- Born: Liège
- Occupation(s): Franco-Flemish composer and singer of the Renaissance

= Nicolas Champion =

Franco-Flemish composer and singer

Nicolas Champion (also Nicolas Liégeois, dis le Liégeois; c. 1475 - 20 September 1533) was a Franco-Flemish composer and singer of the Renaissance. He was a member of the renowned musical establishments of the Habsburg court, including the chapels of Philip I of Castile and Charles V. While with Philip's chapel he was a close associate of composers such as Pierre de La Rue, Marbrianus de Orto and Alexander Agricola.

==Life==
Champion was born in or near Liège, where he probably received his early training. Little information survives regarding his early life and the first record relating to his involvement with Philip's Grande chapelle, the Habsburg chapel choir, dates from 13 November 1501, prior to Philip's first trip to Spain. He was one of the few singers who remained with the chapel after Philip's death in 1506, maintained by his wife Joanna the Mad; for several years after Philip's death, Joanna traveled around Castile with his corpse in its coffin, having her chapel choir sing requiems to it each night, until her father Ferdinand I finally had her locked up in the fortress at Tordesillas.

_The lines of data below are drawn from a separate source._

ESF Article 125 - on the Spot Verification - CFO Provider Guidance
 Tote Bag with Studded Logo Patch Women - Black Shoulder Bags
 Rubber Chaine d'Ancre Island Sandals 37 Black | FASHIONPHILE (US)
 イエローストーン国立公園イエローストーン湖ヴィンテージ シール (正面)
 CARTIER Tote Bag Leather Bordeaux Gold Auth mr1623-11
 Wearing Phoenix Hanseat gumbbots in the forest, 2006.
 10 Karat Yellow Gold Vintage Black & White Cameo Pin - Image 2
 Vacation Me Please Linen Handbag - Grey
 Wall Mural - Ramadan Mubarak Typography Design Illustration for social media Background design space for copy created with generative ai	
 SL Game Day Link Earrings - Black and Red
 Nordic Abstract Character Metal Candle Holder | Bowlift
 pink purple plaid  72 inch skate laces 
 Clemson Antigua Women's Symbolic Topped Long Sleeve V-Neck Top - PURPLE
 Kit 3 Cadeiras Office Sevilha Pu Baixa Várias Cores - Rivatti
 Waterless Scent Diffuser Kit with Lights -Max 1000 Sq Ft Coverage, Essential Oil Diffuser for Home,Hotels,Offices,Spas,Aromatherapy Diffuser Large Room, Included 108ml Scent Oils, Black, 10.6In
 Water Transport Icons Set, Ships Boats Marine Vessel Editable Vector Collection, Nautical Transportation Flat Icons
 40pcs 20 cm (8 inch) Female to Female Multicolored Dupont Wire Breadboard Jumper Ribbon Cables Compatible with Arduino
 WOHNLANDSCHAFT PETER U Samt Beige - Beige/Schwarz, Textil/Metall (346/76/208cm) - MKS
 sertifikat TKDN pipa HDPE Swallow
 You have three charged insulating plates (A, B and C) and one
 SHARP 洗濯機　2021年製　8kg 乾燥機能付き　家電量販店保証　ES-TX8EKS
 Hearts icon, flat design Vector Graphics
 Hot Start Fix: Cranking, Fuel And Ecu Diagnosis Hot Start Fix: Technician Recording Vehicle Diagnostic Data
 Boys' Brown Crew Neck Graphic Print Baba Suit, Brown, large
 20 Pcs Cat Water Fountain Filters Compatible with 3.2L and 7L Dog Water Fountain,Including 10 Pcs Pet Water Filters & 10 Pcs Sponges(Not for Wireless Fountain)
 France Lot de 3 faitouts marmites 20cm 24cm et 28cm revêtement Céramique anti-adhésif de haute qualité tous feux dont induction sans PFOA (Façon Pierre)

After the dissolution of Joanna's chapel, Champion joined the chapel of Charles V. While there, he had a high status and was highly paid (according to court records) though he was always at a lower level than Pierre de La Rue. There is evidence that Champion may also have been associated with the court of Frederick the Wise, Duke of Saxony, for which he wrote a five-voice mass.

==Music==
While only six of his works survive with reliable attribution, the recent reevaluation of a four-voice setting of the De profundis (Psalm 130) (long attributed to Josquin des Prez) gives evidence of his quality as a composer.

Champion's surviving music includes two masses, both for five voices: Missa Maria Magdalena and Missa Ducis saxsonie: Sing ich niet wol; two psalm motets, one for four and one for six voices; and a secular song, Noch weet ick, in Dutch. The setting of De profundis, long attributed to Josquin, is relatively well-known: for example, Grout and Palisca's History of Western Music, often used in college music history courses, gives it as an example of Josquin's late style. The famous copyist Pierre Alamire attributed it to Champion in its earliest extant source, the manuscript VienNB Mus 15941, and the case has recently been made that the attribution should remain with Champion, for stylistic reasons.

Stylistically his music is similar to Josquin's in many respects, including its large-scale tonal organization, use of motifs and paraphrase, and motivic development. In addition he used florid, rhythmically active textures with many layers.